TASK INSTRUCTIONS
From the first line to the last, give the records again exactly and skip the pictures.

== Segment start ==

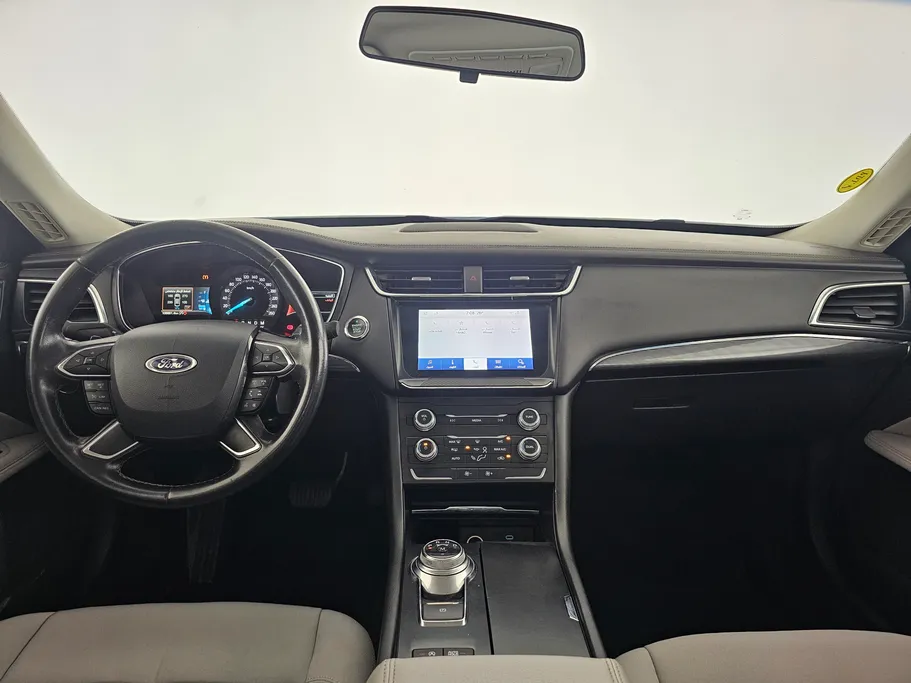 2022 Ford Taurus Ambiente 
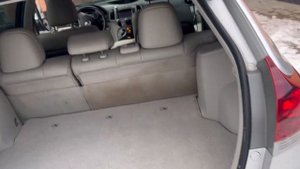 Пришла не битая идеальная Toyota Venza 2.7 XLE AWD 2013 год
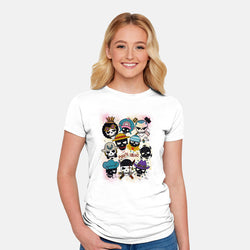 Pirate Squad (Online Order Only)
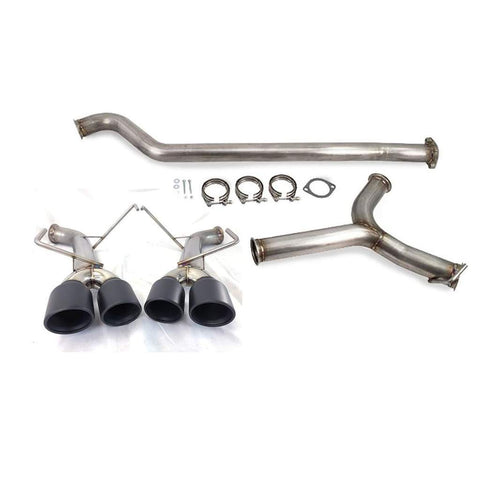 ETS Cat Back Exhaust System | 2015-2021 Subaru WRX/STI (200-30-EXH-0XX)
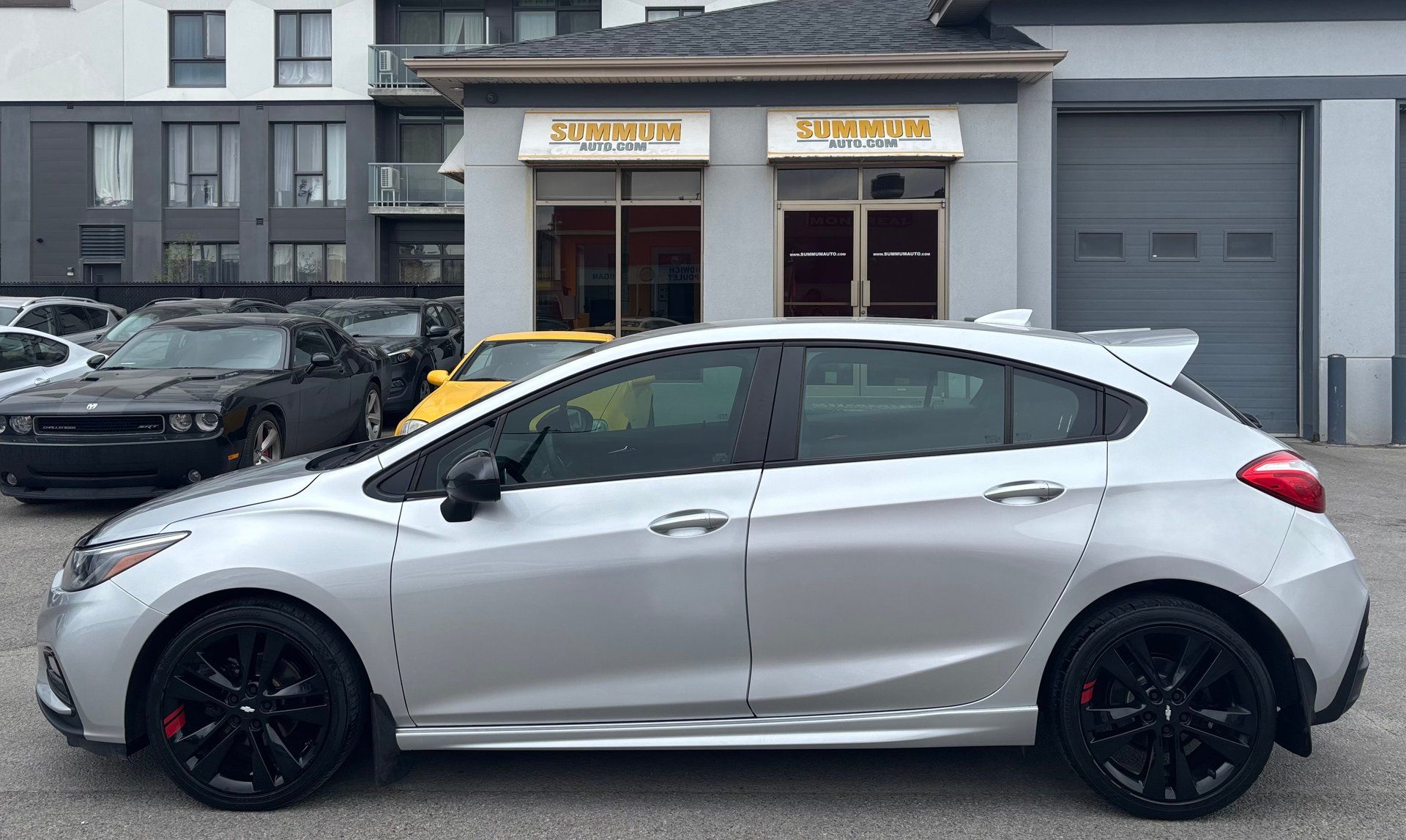 Chevrolet Cruze 2018 - Image 3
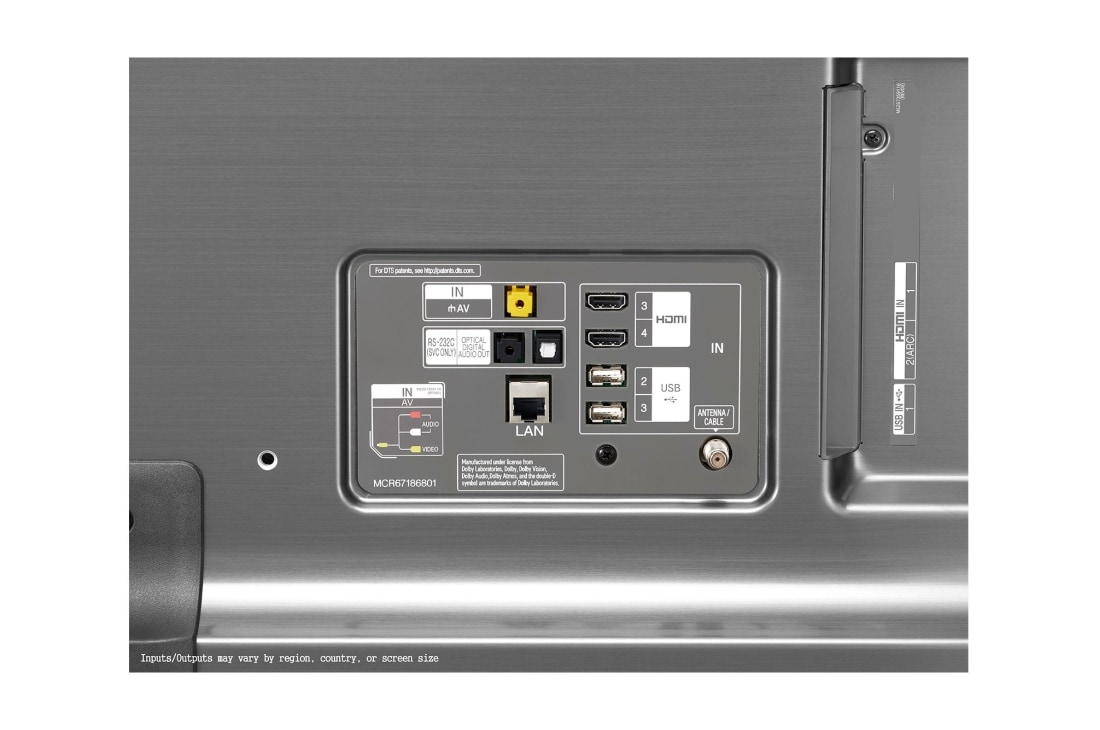 LG 55'' (139 cm) SUPER UHD TV SK8000 | α7 Processeur intelligent | Nano Cell Display Pro | Full Array LED | Cinema HDR avec Dolby Vision, 55SK8000PLB, thumbnail 12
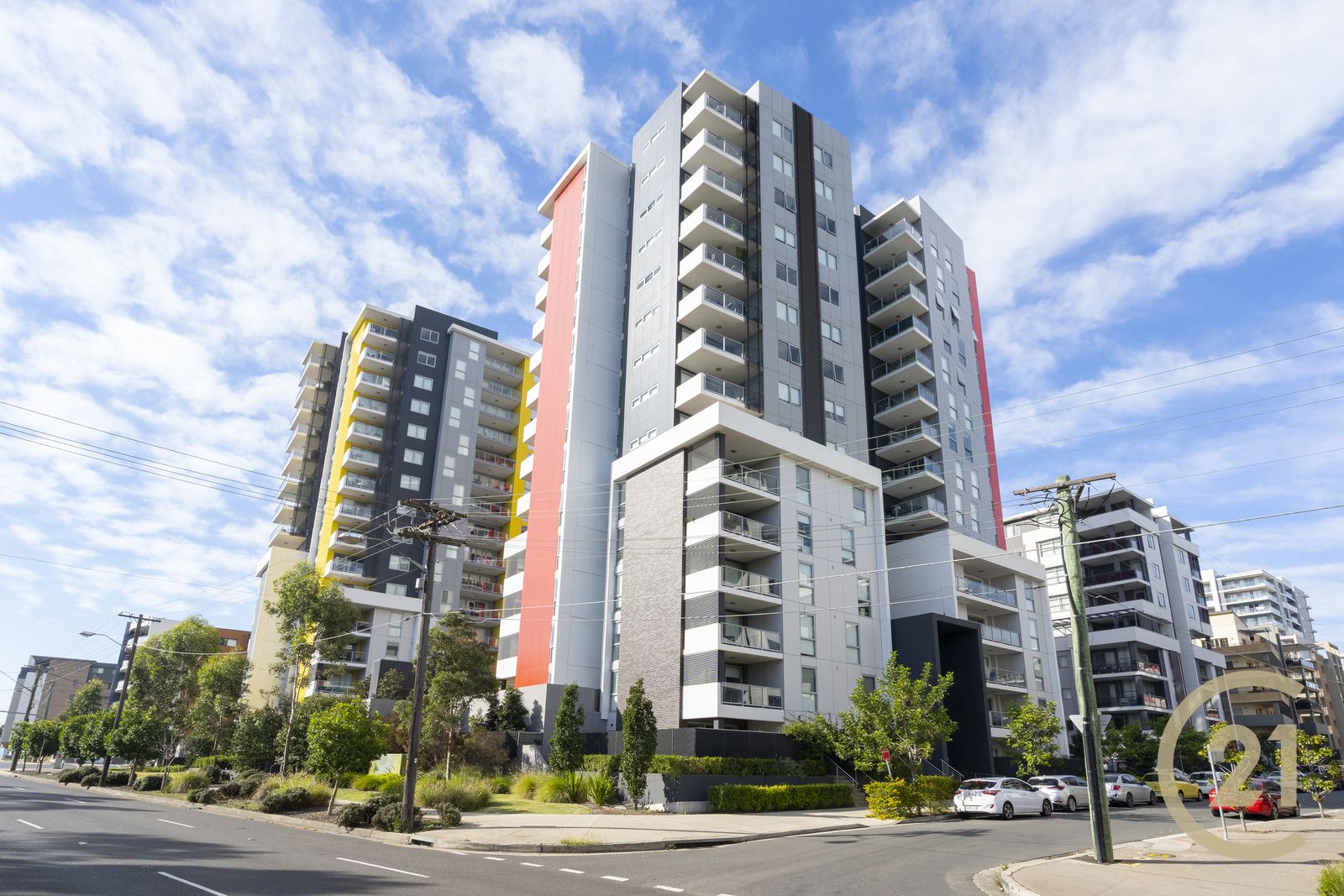 2 bedrooms Apartment / Unit / Flat in 166/2 Browne Parade LIVERPOOL NSW, 2170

== Segment end ==

ANSWER FOR THE TASK
 2022 Ford Taurus Ambiente 
 Пришла не битая идеальная Toyota Venza 2.7 XLE AWD 2013 год
 Pirate Squad (Online Order Only)
 ETS Cat Back Exhaust System | 2015-2021 Subaru WRX/STI (200-30-EXH-0XX)
 Chevrolet Cruze 2018 - Image 3
 LG 55'' (139 cm) SUPER UHD TV SK8000 | α7 Processeur intelligent | Nano Cell Display Pro | Full Array LED | Cinema HDR avec Dolby Vision, 55SK8000PLB, thumbnail 12
 2 bedrooms Apartment / Unit / Flat in 166/2 Browne Parade LIVERPOOL NSW, 2170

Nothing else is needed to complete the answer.